Yippee I’m the leader
I’m the leader
OK what shall we do?
So, before we start to think about recruiting and equipping a team – lets think about ourselves for a moment.
Primary Role. In looking at how we might raise others up to serve alongside us we need to ask an important question, what is our primary role in ministry? What are we spending most of our time doing? If we are working in children’s and youth ministry it might feel like there is no primary role – just a whole bunch of stuff you have to be trying to do all the time – pastor, evangelist, teacher, craft expert, resource guru, administrator (running the rota in some churches requires a degree!) . . . any number of things. If, on top of that, you also have a full time job doing something else and you just try and squeeze in as much youth or children’s work as you can – life might just feel to confusing to even think about this. “What day is it, is it Wednesday?”
So, here is the thing – if we are intent on raising up others effectively then we need to make doing this our primary role. If we are raising up fellow servants, then we are raising people and our people deserve the best we can give in terms of energy, commitment and time. I have honestly never seen servant leaders raised up effectively by others when it has just been seen as, one more thing I need to do.”

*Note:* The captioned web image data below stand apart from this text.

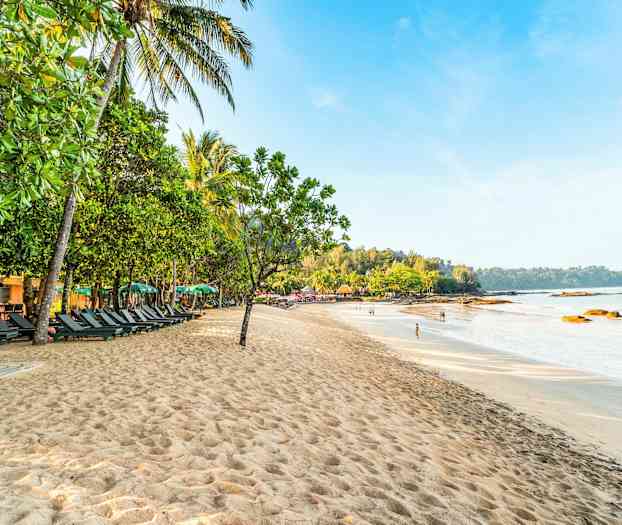 En sandstrand med solsenger under skyggen av grønne trær og palmer, med havet og en skog i bakgrunnen. (AI-generert tekst)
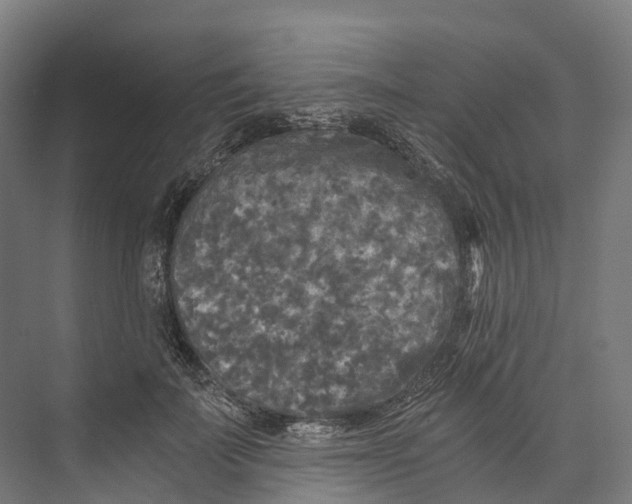 X0000073980699200609181717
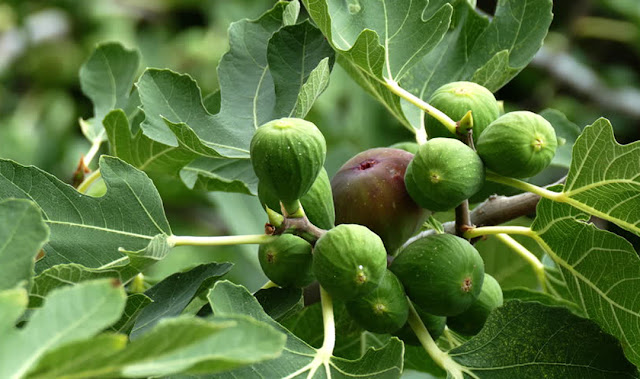 Fig (Ficus carica) अंजीर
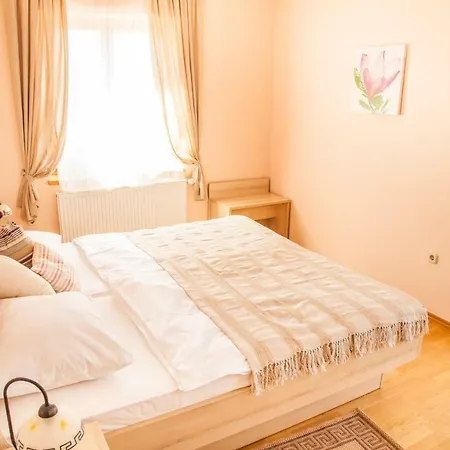 Villa Alma Višnjan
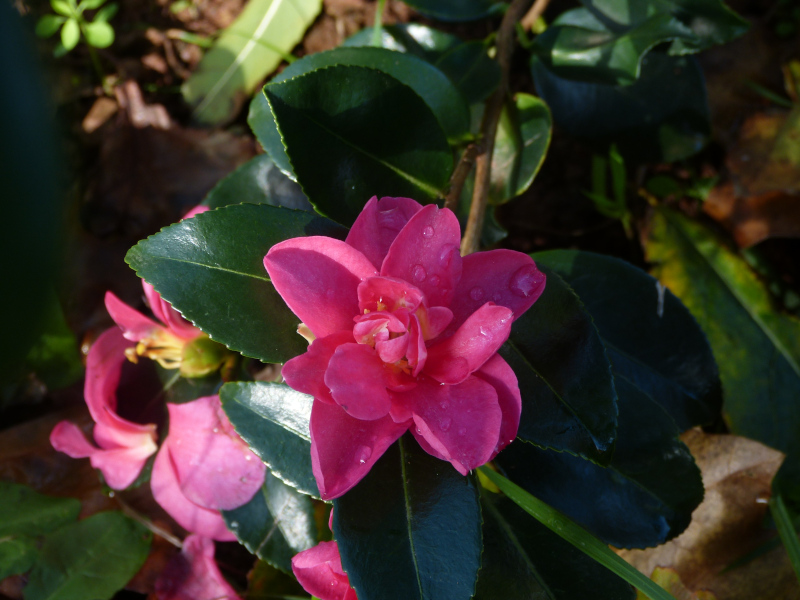 Camellia sasanqua Rosea.JPG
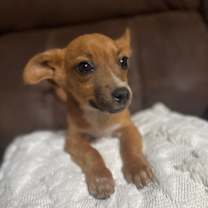 Thumbnail photo of Charlie Gilstrap #4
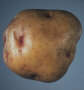 Tuber
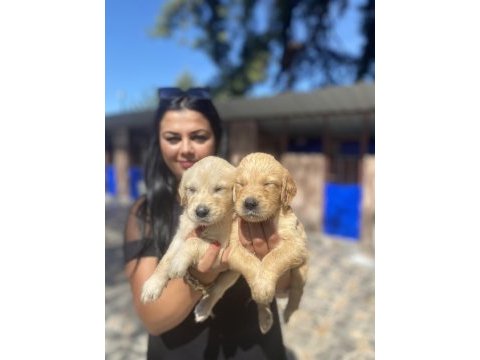 Safkan golden retriever yavrularım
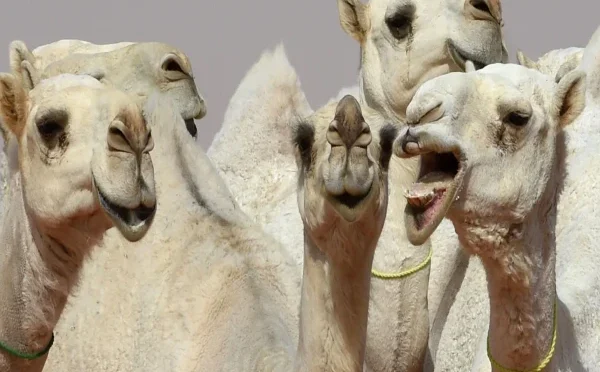 اونٹوں کا مقابلہ حسن، خوبصورتی کیلئے بوٹوکس کے استعمال پر کئی اونٹ مقابلے سے باہر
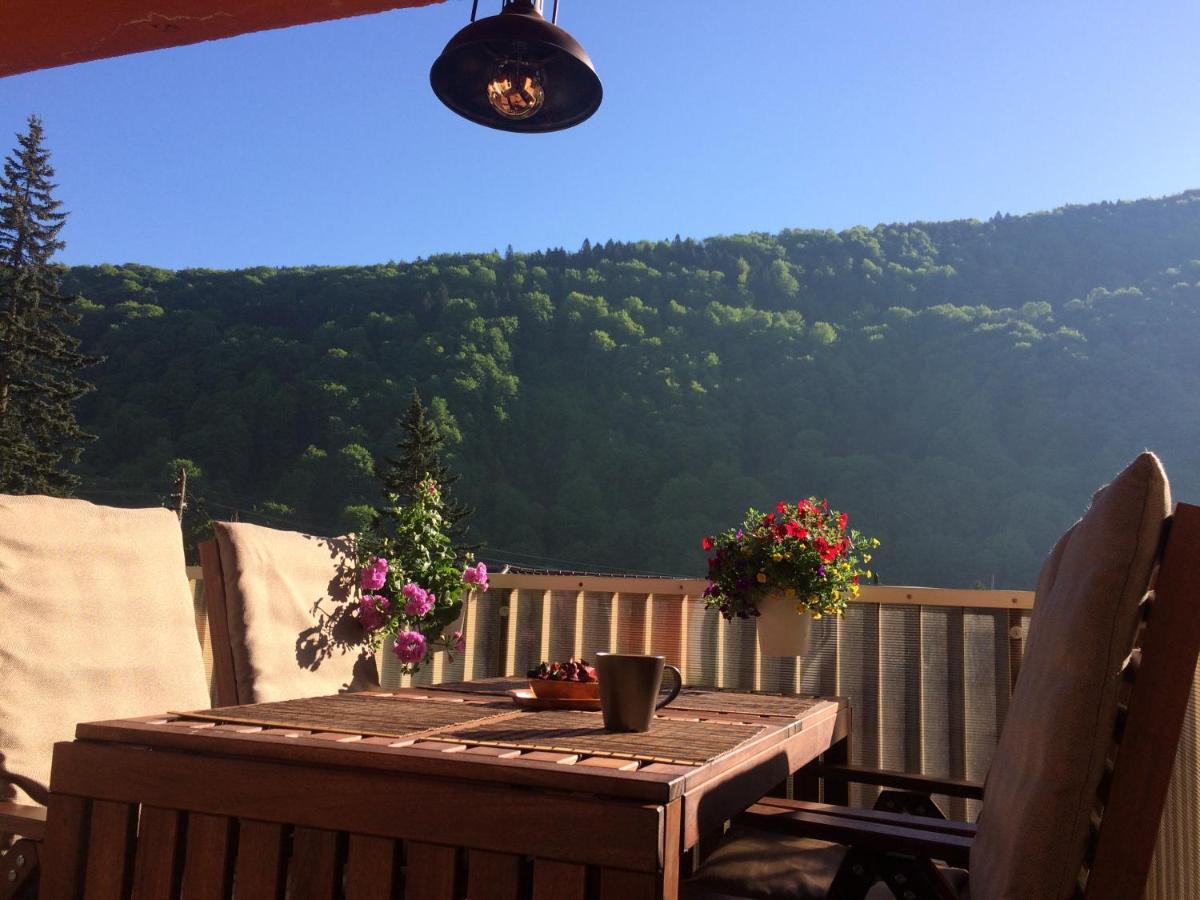 Miro Apartament Sinaia Extérieur photo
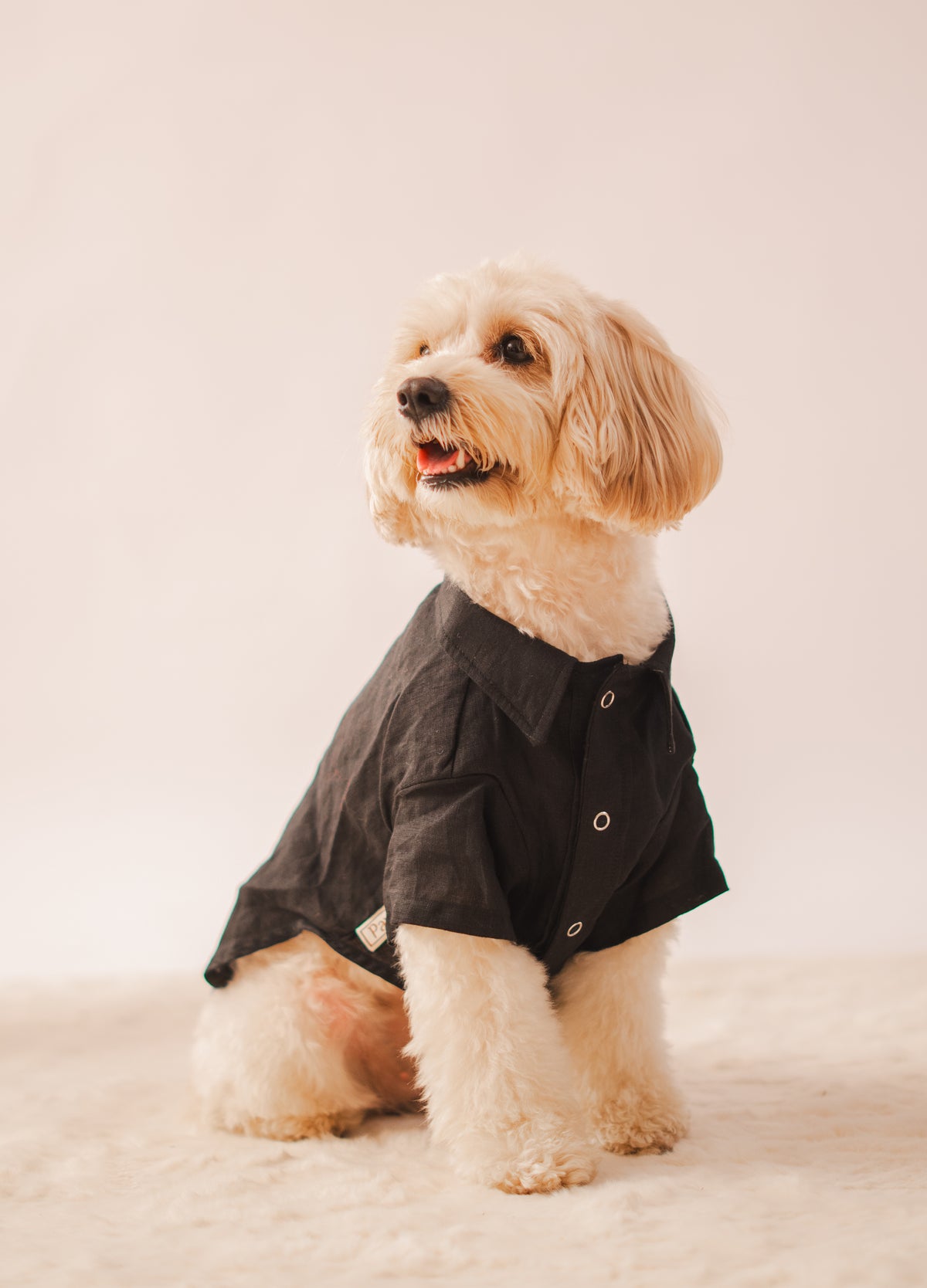 Linen Shirt in Black Linen on a dog – view 4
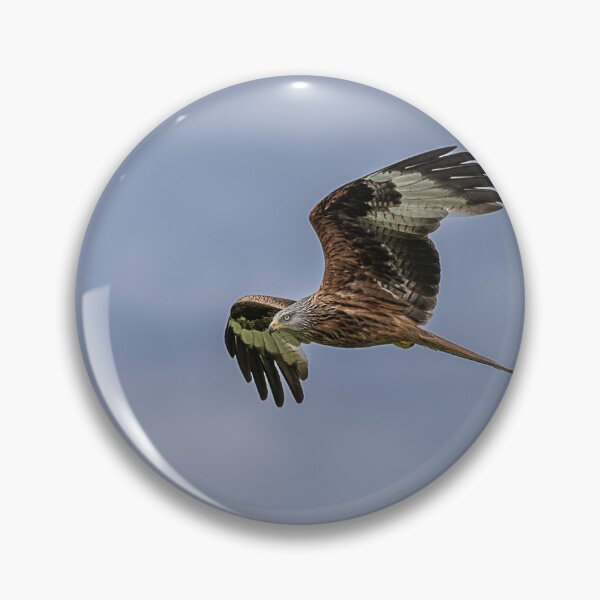 Item preview, Soaring  designed and sold by Flyal4.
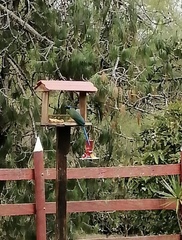 Momotus aequatorialis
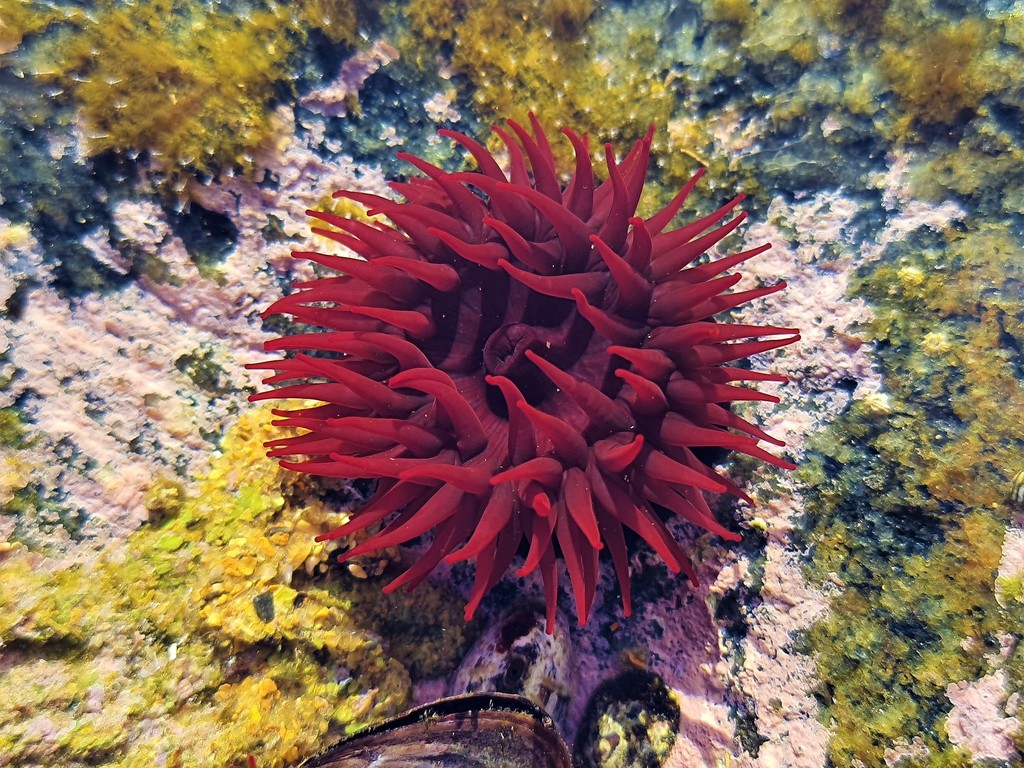 Maroon Anemone
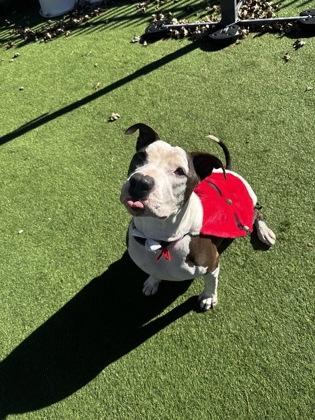 Enlarge Rocky, a Adoptable mixed breed in Farmers Branch, TX image 2/3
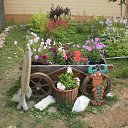 ���� �������, ���������, 59 ��� - ��������� 31 ���� 2011 � ������ ���� ����������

The Tension. The key tension in getting this done is that of people versus tasks. Many of the things we might have listed earlier are jobs that need doing – but raising others up is not, first an foremost, about a job that needs doing, “I must raise up people because I’ve fifteen jobs I need doing” . . . It is about spending time investing in others, developing them, discerning their gifts and helping them explore what God has for them . . . which, might not even be working with you! That can be tough if we are wanting to see instant results from our endeavours. Jesus spent three years teaching, equipping, modelling . . . to the same bunch of guys, who continued to struggle to “get it” – the joy of working with people!
We can, of course, avoid this and simply focus on the jobs that need doing and move people around like pawns to make things happen. In the end though – they won’t be developed and empowered in ministry and we might find ourselves regularly moving in a fresh batch of pawns.
Create the Environment.
We need to ask ourselves this question – Are we a thermostat or a thermometer? The difference between the two may be obvious – but forgive me for spelling it out. A thermostat sets the temperature – and when the temperature in a room drops, on comes the heating to raise it again. A thermometer just takes the temperature – the question here then is whether we are proactive or reactive to the environment we lead in.
Do you make things happen, or do you wait and see what happens? This will also have an impact on the tension between people and jobs that need doing – if you are reactive, you may never feel free to focus on people and raise them up.
Creating the atmosphere.
Enthusiasm :: are you passionate about what you do? This is a key question. If you want to raise others up to join in with what you are doing or take a lead in serving others can they see your passion for ministry? If we are enthusiastic about what we are doing it is attractive – if we loathe something and are trying to offload it this will also come across to others. Take the route from the word “enthusiasm”, “entheos” which literally means, “in God” . . . it is also where we get the word “infuse” from, as in “to infuse a pot of tea”.
I used to make tea for my mum when I was little, the only problem was that I would forget to boil the kettle, it didn’t matter how much I stirred my teabag, not a lot happened – it just looked worse when I added milk, milky water rather than tea. If you imagine the Holy Spirit to be the tea bag, we only get a decent cup of tea with hot water! It is the same with us, are we hot, passionate, enthusiastic for the things of God? If we are, then this will be obvious to those around us, the Holy Spirit in us will be free to work.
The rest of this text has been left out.